Activity: For this exercise, return exactly the lines of the material below that begin at the one with "Altea Short Sleeved Cotton Polo" and stop after the one with "Ladies Curvy Jersey - 8X8JRT3V - White - 6".

Material supplied:
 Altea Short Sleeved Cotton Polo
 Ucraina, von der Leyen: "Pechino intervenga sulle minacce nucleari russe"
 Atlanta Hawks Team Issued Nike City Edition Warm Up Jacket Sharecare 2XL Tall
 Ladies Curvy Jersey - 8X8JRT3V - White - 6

==

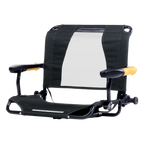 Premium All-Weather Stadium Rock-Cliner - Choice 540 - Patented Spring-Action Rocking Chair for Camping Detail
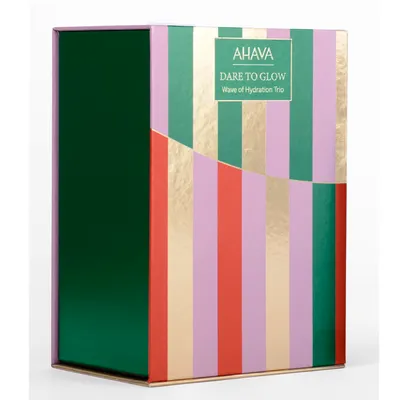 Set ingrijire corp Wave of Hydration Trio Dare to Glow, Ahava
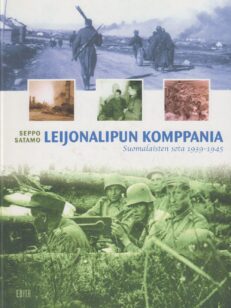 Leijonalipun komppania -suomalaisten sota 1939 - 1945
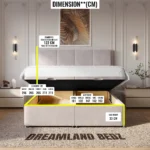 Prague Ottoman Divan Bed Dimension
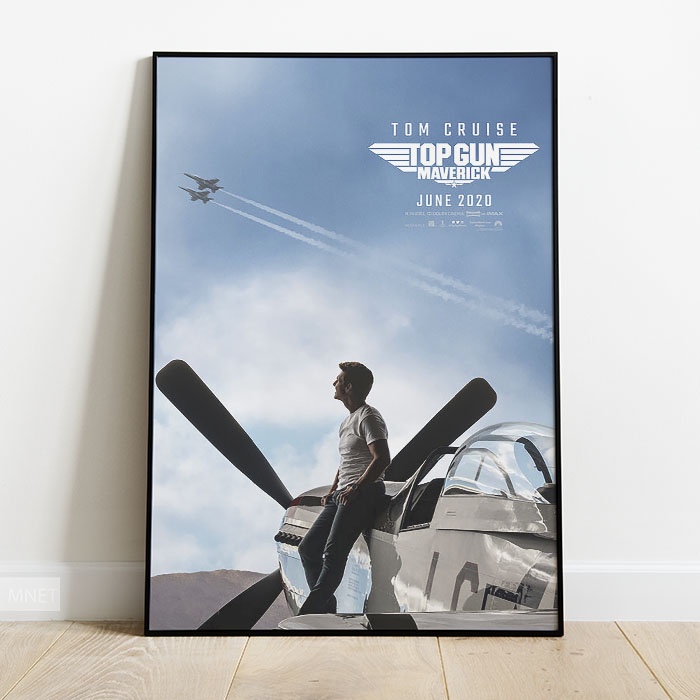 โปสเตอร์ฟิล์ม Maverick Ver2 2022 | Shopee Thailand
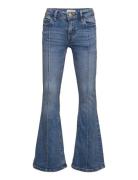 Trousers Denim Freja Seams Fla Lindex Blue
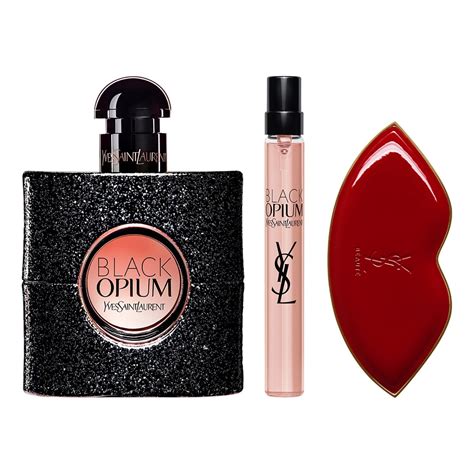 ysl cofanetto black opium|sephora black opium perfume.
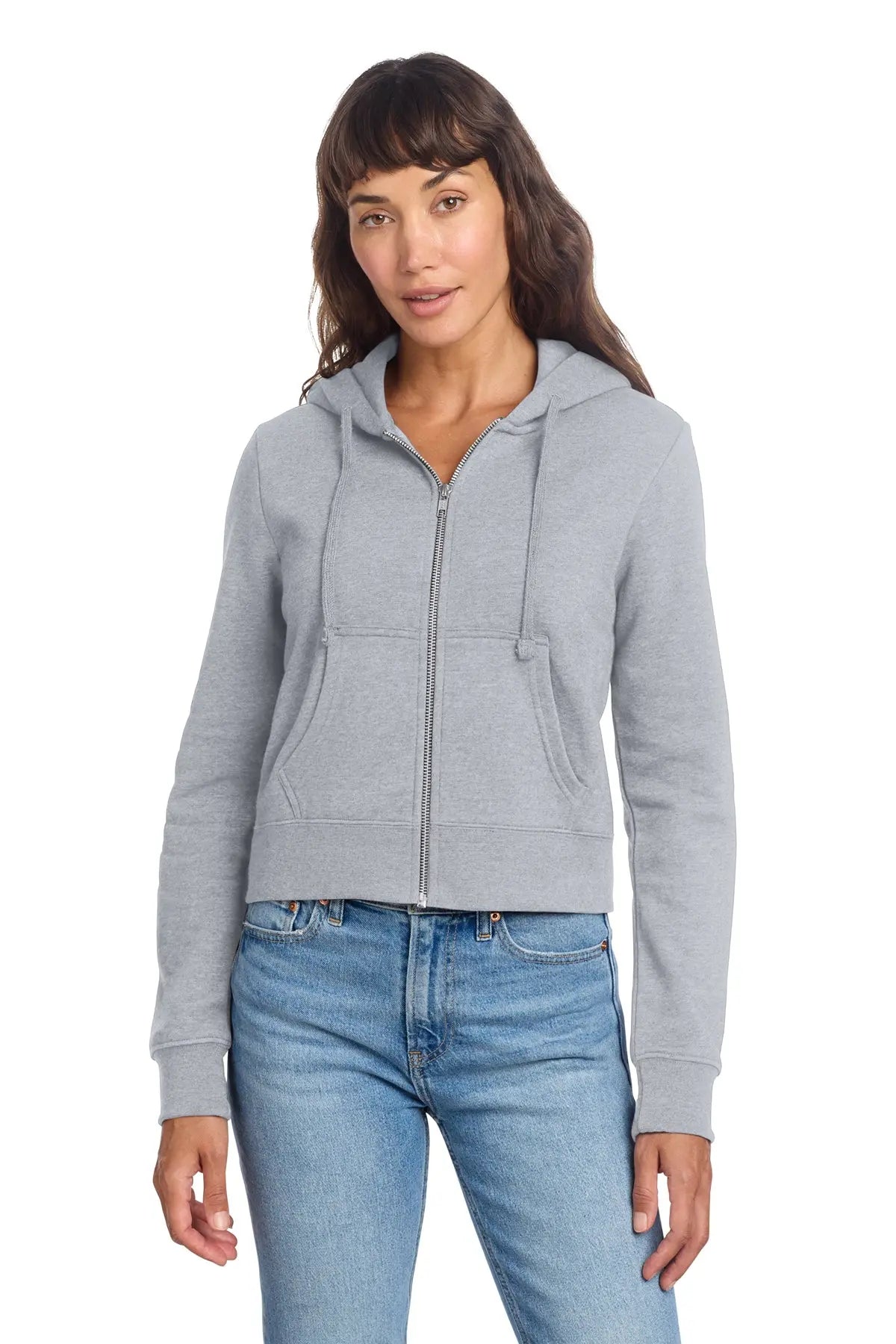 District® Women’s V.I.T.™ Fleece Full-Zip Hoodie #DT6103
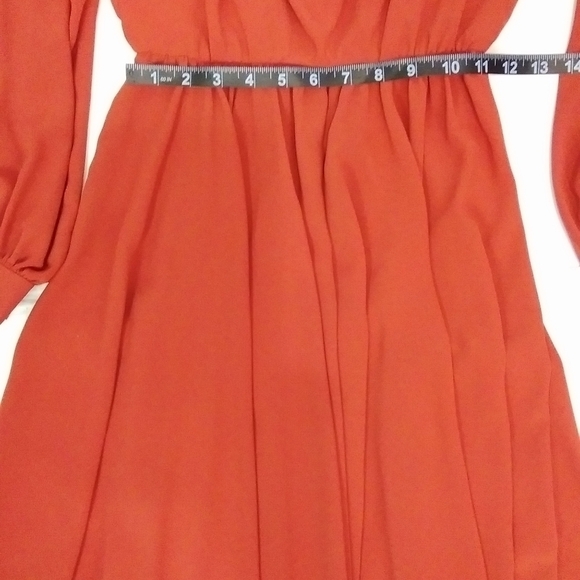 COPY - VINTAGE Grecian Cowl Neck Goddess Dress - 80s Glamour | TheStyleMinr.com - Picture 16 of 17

Exercise response:
 Altea Short Sleeved Cotton Polo
 Ucraina, von der Leyen: "Pechino intervenga sulle minacce nucleari russe"
 Atlanta Hawks Team Issued Nike City Edition Warm Up Jacket Sharecare 2XL Tall
 Ladies Curvy Jersey - 8X8JRT3V - White - 6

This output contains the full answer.